In a four-starred review for AllMusic, James Christopher Monger described it as "one of the more riveting and idiosyncratic tribute albums of the past ten years". Alex Young, reviewing the album for Consequence of Sound, said: "Rachel and Becky Unthank convey the intensity of Antony and the Johnsons, as well as Wyatt’s weariness. This kind of tribute doesn’t come about often enough, and they’ve nailed it, letting the lyricism and emotionality ring out".

==Track listing==
Antony and the Johnsons songs
1. "Bird Guhl" (Antony Hegarty) from I Am a Bird Now (3:57)
2. "Man Is the Baby" (Antony Hegarty) from I Am a Bird Now (5:43)
3. "You Are My Sister" (Antony Hegarty) from I Am a Bird Now (5:56)
4. "For Today I Am a Boy" (Antony Hegarty) from I Am a Bird Now (4:06)
5. "Paddy's Gone" (Antony Hegarty) from I Am a Bird Now (4:13)
6. "Spiralling" (Antony Hegarty) from I Am a Bird Now (4:41)
Robert Wyatt songs
1. "Stay Tuned" (Anja Garbarek) from Comicopera (4:43)
2. "Dondestan" (Robert Wyatt) from Dondestan (Revisited) (3:18)
3. "Lullaby for Hamza" (Robert Wyatt/Alfreda Benge) from Cuckooland (3:44)
4. "Lisp Service" (Hugh Hopper/Robert Wyatt) from Dondestan (Revisited) (3:11)
5. "Free Will and Testament" (Wyatt/Kramer) from Shleep (5:03)
6. "Out of the Blue" (Wyatt/Elfriede Ellidge) from Comicopera (4:11)
7. "Cuckoo Madame" (Wyatt/Benge) from Cuckooland (5:13)
8. "Sea Song" (Wyatt) from Rock Bottom (6:59)
9. "Forest" (excerpt) (Wyatt/Benge) from Cuckooland (2:51)

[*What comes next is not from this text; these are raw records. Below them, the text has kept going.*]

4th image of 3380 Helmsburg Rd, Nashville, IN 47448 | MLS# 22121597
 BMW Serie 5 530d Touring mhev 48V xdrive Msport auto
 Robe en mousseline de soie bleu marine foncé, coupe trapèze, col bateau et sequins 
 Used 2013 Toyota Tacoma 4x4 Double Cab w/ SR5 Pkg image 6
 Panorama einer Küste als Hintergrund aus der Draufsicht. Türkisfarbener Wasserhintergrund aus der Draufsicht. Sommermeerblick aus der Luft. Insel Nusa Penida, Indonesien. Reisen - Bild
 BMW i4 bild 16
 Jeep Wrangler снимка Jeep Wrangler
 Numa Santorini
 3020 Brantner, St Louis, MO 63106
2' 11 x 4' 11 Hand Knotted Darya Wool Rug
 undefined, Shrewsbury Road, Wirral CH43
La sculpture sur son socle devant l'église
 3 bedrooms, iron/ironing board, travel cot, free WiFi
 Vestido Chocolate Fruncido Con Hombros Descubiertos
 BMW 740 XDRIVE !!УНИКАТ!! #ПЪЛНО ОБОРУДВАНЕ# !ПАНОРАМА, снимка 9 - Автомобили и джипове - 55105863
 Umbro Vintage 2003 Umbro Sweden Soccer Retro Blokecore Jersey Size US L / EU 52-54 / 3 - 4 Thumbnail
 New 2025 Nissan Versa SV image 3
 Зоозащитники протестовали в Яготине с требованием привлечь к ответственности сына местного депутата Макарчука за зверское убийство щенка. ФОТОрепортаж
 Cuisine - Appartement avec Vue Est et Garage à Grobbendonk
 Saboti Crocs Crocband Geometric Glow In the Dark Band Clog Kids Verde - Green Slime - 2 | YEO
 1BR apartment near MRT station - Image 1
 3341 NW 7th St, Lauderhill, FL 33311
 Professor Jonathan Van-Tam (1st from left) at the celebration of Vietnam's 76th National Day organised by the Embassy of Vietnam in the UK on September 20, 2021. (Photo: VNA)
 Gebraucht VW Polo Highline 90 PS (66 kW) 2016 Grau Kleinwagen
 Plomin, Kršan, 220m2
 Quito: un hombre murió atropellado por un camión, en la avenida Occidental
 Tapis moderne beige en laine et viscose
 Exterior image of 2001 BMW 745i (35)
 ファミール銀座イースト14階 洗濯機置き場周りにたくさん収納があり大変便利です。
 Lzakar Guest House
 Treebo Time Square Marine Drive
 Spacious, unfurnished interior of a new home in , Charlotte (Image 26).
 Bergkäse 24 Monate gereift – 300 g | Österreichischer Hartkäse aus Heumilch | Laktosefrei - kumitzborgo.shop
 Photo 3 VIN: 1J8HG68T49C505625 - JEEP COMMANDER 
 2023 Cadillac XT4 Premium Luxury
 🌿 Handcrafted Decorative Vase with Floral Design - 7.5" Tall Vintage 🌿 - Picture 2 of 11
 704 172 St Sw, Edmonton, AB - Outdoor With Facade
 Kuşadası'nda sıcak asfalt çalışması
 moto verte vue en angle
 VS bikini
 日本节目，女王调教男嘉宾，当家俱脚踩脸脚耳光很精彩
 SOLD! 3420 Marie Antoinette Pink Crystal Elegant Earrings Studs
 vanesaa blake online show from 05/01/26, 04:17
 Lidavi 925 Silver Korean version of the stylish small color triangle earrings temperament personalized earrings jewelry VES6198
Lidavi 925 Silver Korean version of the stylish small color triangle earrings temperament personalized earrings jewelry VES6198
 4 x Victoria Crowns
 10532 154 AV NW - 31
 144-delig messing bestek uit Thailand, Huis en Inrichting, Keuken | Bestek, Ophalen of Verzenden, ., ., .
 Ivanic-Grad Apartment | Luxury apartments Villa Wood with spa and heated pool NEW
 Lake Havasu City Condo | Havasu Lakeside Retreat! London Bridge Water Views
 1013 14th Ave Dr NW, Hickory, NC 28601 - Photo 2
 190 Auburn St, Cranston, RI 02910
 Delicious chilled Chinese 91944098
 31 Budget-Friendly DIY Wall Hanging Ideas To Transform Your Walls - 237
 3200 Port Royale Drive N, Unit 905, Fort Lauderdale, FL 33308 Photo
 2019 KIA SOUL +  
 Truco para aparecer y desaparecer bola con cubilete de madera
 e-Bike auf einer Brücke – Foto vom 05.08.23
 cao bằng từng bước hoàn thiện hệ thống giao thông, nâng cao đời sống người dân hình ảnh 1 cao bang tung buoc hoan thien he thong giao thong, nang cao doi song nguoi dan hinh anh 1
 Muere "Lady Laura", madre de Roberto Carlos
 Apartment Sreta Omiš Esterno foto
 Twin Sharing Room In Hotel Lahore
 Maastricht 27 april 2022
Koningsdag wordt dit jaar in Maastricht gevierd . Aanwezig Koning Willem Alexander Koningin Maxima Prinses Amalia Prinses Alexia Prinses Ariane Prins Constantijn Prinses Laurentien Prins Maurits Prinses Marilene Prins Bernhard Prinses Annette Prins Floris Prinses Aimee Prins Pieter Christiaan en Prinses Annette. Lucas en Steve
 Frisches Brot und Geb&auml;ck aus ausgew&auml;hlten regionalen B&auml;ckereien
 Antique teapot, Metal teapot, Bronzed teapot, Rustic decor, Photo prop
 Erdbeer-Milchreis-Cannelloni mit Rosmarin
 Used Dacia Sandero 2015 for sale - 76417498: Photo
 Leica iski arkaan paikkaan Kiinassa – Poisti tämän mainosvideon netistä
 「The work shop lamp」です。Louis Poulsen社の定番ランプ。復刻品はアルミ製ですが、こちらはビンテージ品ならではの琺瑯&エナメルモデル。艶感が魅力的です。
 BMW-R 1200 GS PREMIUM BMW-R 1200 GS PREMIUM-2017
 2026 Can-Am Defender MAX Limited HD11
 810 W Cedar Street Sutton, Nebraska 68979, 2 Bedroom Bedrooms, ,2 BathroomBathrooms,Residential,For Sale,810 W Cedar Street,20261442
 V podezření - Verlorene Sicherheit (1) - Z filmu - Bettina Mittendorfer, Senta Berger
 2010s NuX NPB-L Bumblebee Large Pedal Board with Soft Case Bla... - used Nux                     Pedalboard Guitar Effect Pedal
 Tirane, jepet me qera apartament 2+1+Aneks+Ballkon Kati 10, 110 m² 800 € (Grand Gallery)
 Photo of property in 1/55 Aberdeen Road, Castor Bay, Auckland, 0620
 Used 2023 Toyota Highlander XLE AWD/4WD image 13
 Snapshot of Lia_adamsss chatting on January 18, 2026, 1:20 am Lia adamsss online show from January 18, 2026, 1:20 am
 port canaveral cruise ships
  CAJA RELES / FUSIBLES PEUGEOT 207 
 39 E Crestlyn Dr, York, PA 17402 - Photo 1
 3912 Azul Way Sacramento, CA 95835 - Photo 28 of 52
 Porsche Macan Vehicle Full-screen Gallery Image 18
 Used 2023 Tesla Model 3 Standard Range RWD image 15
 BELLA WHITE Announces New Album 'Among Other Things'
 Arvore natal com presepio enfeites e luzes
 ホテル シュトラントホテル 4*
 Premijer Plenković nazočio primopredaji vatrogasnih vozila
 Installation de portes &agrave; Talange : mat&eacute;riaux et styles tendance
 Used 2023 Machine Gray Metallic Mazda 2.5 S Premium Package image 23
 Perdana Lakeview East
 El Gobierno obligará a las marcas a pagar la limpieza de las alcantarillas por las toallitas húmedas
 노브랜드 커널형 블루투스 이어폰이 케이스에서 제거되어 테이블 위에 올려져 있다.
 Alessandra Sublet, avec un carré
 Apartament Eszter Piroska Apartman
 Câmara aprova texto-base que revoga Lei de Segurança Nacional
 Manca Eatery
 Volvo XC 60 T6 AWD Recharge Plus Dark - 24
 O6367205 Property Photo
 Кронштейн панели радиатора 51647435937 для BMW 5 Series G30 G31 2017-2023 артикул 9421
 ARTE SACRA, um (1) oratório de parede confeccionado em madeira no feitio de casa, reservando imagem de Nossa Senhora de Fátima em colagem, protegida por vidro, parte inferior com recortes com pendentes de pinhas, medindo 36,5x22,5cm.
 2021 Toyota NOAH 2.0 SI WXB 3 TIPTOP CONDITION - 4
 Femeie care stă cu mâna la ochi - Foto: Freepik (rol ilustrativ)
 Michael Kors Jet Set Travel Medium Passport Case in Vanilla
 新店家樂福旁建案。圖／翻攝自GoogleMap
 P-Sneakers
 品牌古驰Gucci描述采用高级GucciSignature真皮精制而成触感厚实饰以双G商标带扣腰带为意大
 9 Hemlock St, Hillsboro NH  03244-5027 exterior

Total album length = 1:07:44

==Personnel==
- The Unthanks
- Rachel Unthank – voice, feet, dulcitone
- Becky Unthank – voice, feet
- Adrian McNally – piano on Robert Wyatt set, drums on Antony set, harmonium, voice
- Chris Price – drums on Robert Wyatt set, electric bass on Antony set, voice
- Niopha Keegan – violin, accordion, voice

- Additional musicians
- Ros Stephen – violin, voice
- Becca Spencer – viola, voice
- Jo Silverston – cello, voice
- Lizzie Jones – trumpet, voice
- Dean Ravera – double bass
- Jonny Kearney – piano on Antony set

==Arrangements==
- Strings on Antony set transcribed by Niopha Keegan
- Strings on "Stay Tuned" by Niopha Keegan
- Strings on "Lisp Service" by Jo Silverston
- Strings on "Out of the Blue" by Becca Spencer and Lizzie Jones

==Production and design ==
The album, which was recorded live at the Union Chapel, Islington, London on 8 and 9 December 2010, was mixed and produced by Adrian McNally and mastered by Denis Blackham. The tri-fold album cover, designed by Steven Wainwright, incorporates illustrations by Becky Unthank and photographs by Mark Winpenny.